We instinctively prefer to minimize our losses rather than maximize our gains. People react far more strongly to losing something they have than to gaining something comparable. A $5 increase in the copay on health insurance (that is, a loss of a $5 value), for example, elicits far more adverse reactions than a $5 decrease in copay (a gain of a $5 value) generates positive reactions. JCPenney might have considered this before they abandoned their strategy of never-ending sales and switched to EDLP (everyday low pricing). For its longtime customers, this meant the loss of sales prices and savings more than the gain of lower prices overall.

10. The World Is Non-Linear . . .

Most approaches to measuring and managing customer loyalty and experience are linear. Everyone says the world is not linear, after which most retreat to regression-based explanations using “line of best fit” solutions. I’m pretty certain that lines are linear. The rational decision-maker of traditional economics is linear. In that world, businesses have a simple challenge: develop proof points to demonstrate the superiority of their products and services;disseminate; done. There is no real need for marketing, just facts and proof.

Reality is far messier. In the domain of behavioral economics, the consumer is more complex. In this realm, consumers are partially or quasi-rational with limited access to/ interest in/understanding of information.

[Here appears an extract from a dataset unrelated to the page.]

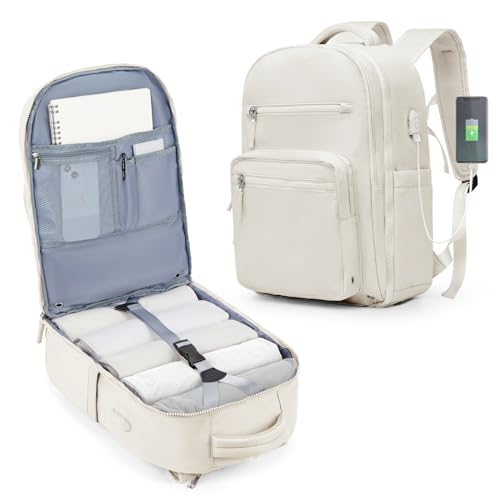 Image of Travel Carry on Backpack, Aesthetic Laptop Backpack Purse for Women Men Airline Approved, Waterproof Personal Item Size Backpack Casual Daypacks for College, Business with USB Charging Port, Beige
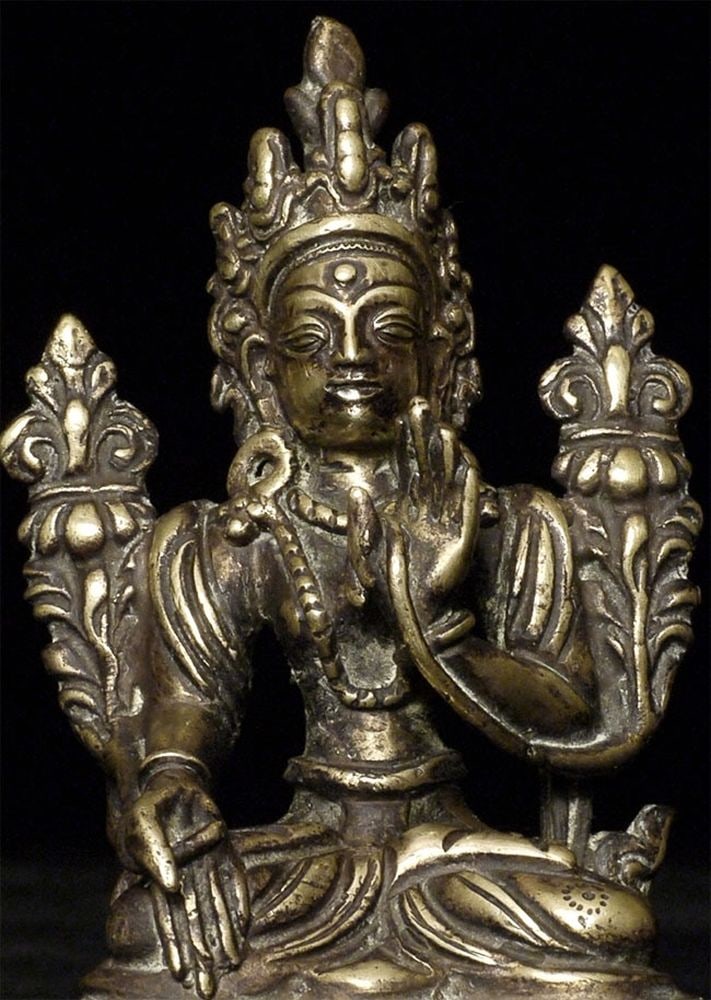 19thC or earlier Nepalese/Himalayan Bodhisattva -Beautiful: 19th or earlier Nepalese or other Himalayan Bodhisattva. Unusual type, with what appears to be a separate (thinly) cast base that has broken into 2 parts, revealing its contents. Stands stably with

The behavioral domain presents a more difficult challenge of maintaining, reinforcing or breaking behavior patterns in minds.

11. Everything Is Relative

The only absolute is that there are no absolutes. People need context. That context is the ruler against which they rate performance and make choices.

Meaningful measurement, as such, requires a meaningful ruler and context. A ruler of unspecified length and without markings provides little guidance. Elongated rating scales without anchored points are invitations for guesses in a vacuum. Such scales increase variance (good for regression modeling) by virtue of increasing inconsistency across respondents and even across questions for the same respondent (bad for accurately understanding what drives behavior). This scale usage heterogeneity, as the stats people call it, can dramatically distort the data.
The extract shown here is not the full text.